Work instructions: Output every entry verbatim.

Source material:
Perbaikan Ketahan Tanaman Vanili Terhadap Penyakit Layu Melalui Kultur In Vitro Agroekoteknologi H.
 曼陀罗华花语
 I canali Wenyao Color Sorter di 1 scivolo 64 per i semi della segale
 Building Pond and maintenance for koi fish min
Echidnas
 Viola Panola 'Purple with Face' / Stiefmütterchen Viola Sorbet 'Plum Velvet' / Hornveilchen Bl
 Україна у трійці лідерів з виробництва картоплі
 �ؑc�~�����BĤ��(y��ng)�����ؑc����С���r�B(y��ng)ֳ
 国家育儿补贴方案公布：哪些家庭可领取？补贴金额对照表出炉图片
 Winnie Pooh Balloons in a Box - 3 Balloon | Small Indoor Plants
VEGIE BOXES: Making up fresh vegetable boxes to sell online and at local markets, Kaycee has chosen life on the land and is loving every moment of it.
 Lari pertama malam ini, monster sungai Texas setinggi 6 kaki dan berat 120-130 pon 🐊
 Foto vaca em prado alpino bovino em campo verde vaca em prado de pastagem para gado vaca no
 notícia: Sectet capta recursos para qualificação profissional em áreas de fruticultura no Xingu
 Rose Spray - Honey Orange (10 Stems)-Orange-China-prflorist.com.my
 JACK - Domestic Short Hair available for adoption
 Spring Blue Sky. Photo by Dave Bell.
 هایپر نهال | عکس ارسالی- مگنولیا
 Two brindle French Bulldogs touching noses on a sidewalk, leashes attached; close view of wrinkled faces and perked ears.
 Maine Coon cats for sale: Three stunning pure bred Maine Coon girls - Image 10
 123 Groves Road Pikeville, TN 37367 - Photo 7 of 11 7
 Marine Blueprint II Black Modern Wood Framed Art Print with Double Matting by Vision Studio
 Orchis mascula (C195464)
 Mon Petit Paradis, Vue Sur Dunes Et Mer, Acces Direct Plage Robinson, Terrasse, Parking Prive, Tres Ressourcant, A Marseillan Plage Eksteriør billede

Exercise answer:
Perbaikan Ketahan Tanaman Vanili Terhadap Penyakit Layu Melalui Kultur In Vitro Agroekoteknologi H.
 曼陀罗华花语
 I canali Wenyao Color Sorter di 1 scivolo 64 per i semi della segale
 Building Pond and maintenance for koi fish min
Echidnas
 Viola Panola 'Purple with Face' / Stiefmütterchen Viola Sorbet 'Plum Velvet' / Hornveilchen Bl
 Україна у трійці лідерів з виробництва картоплі
 �ؑc�~�����BĤ��(y��ng)�����ؑc����С���r�B(y��ng)ֳ
 国家育儿补贴方案公布：哪些家庭可领取？补贴金额对照表出炉图片
 Winnie Pooh Balloons in a Box - 3 Balloon | Small Indoor Plants
VEGIE BOXES: Making up fresh vegetable boxes to sell online and at local markets, Kaycee has chosen life on the land and is loving every moment of it.
 Lari pertama malam ini, monster sungai Texas setinggi 6 kaki dan berat 120-130 pon 🐊
 Foto vaca em prado alpino bovino em campo verde vaca em prado de pastagem para gado vaca no
 notícia: Sectet capta recursos para qualificação profissional em áreas de fruticultura no Xingu
 Rose Spray - Honey Orange (10 Stems)-Orange-China-prflorist.com.my
 JACK - Domestic Short Hair available for adoption
 Spring Blue Sky. Photo by Dave Bell.
 هایپر نهال | عکس ارسالی- مگنولیا
 Two brindle French Bulldogs touching noses on a sidewalk, leashes attached; close view of wrinkled faces and perked ears.
 Maine Coon cats for sale: Three stunning pure bred Maine Coon girls - Image 10
 123 Groves Road Pikeville, TN 37367 - Photo 7 of 11 7
 Marine Blueprint II Black Modern Wood Framed Art Print with Double Matting by Vision Studio
 Orchis mascula (C195464)
 Mon Petit Paradis, Vue Sur Dunes Et Mer, Acces Direct Plage Robinson, Terrasse, Parking Prive, Tres Ressourcant, A Marseillan Plage Eksteriør billede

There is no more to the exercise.